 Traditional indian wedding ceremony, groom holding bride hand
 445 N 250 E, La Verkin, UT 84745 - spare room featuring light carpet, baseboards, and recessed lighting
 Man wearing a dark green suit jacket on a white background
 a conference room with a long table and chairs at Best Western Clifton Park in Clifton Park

* * *

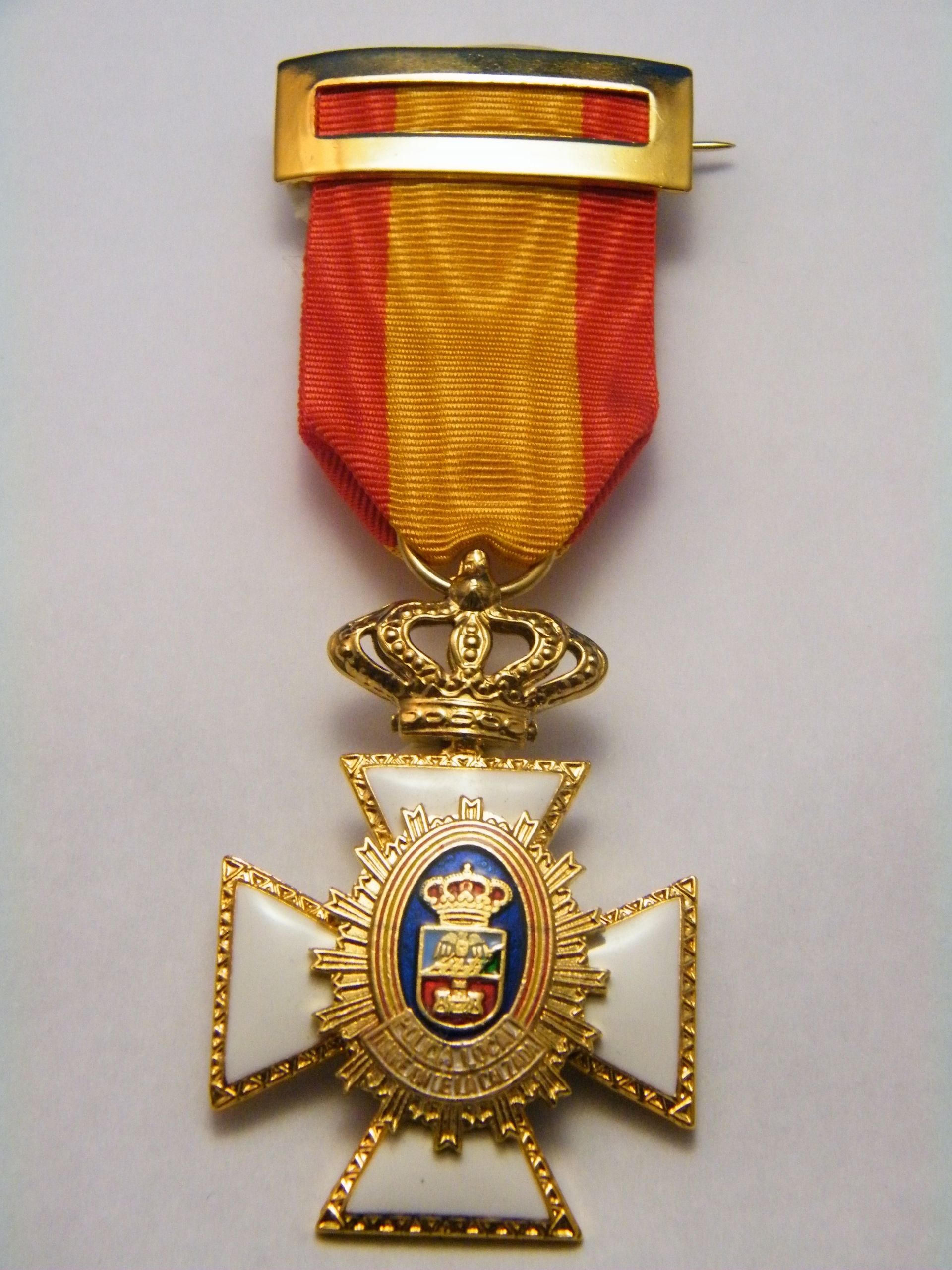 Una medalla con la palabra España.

What is needed
Go to the line with "445 N 250 E, La" in the entries above and repeat every line from there through the line with "a conference room", exactly and with no other text.

Written answer
 445 N 250 E, La Verkin, UT 84745 - spare room featuring light carpet, baseboards, and recessed lighting
 Man wearing a dark green suit jacket on a white background
 a conference room with a long table and chairs at Best Western Clifton Park in Clifton Park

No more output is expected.